Mais une foi simple et forte en le Divin l’avait guidée tout au long de sa vie. Elle ne luttait pas contre le destin. C’est pourquoi rien ne la surprenait jamais ; quoi qu’il lui arrive, douleur, chagrin ou gloire au-delà de toute mesure, il s’agissait d’une chose réglée d’avance, que l’on devait accepter sans se plaindre d’une part, sans montrer d’étonnement de l’autre. À l’évidence, il devait être prévu depuis le commencement du monde que Dekkeret serait Coronal un jour… et que, par conséquent, elle-même finirait sa vie en tant que Dame de l’Ile du Sommeil, une des Puissances du Royaume. La mère du Coronal occupait toujours cette fonction hautement privilégiée. Très bien : qu’il en soit ainsi. Assurément, elle n’avait rien escompté de tel ; mais si cela se produisait, eh bien, ces événements devaient être rétrospectivement considérés comme des phénomènes aussi naturels et sans surprise que le lever du soleil chaque jour à l’est !

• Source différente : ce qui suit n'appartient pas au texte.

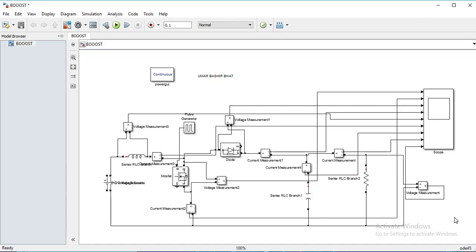Let's go through keyboard shortcuts for simulation. We have this boost converter model, and now let's cover some shortcut keys for Simulink.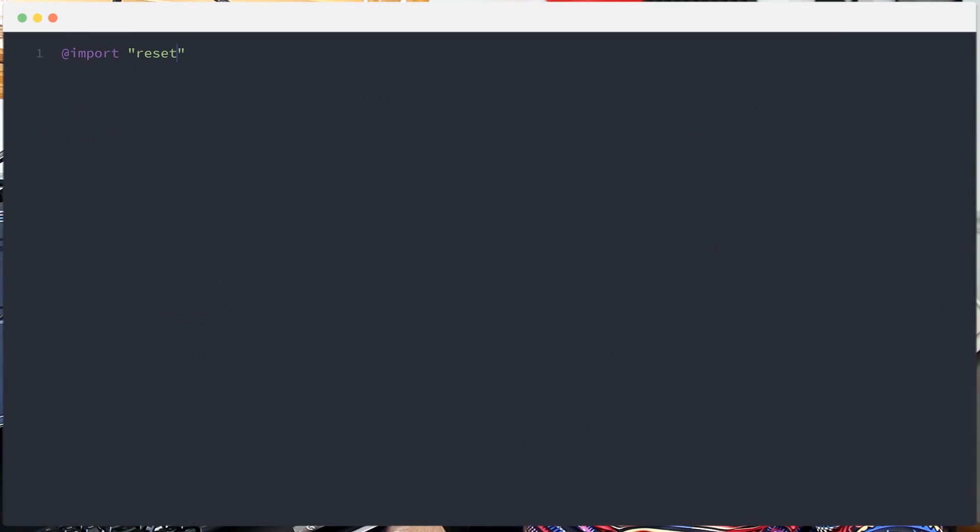The other method is to place an @import at the top of your CSS file with a relative path to the CSS file you want to include. Remember that CSS loads from top to bottom and cascades, so you always want to make sure that your reset is at the top so that it is loaded first.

Ce qui ébahit Dinitak fut la pauvreté du logis de dame Taliesme, une petite maison de guingois dont les châssis des fenêtres bâillaient, au milieu d’un enchevêtrement de petites bâtisses qui pouvaient être vieilles de cinq cents ans, dans une rue sombre et tortueuse aux pavés gris-vert inégaux près du cœur de la Vieille Ville. Quel domicile pour la mère du prochain Coronal !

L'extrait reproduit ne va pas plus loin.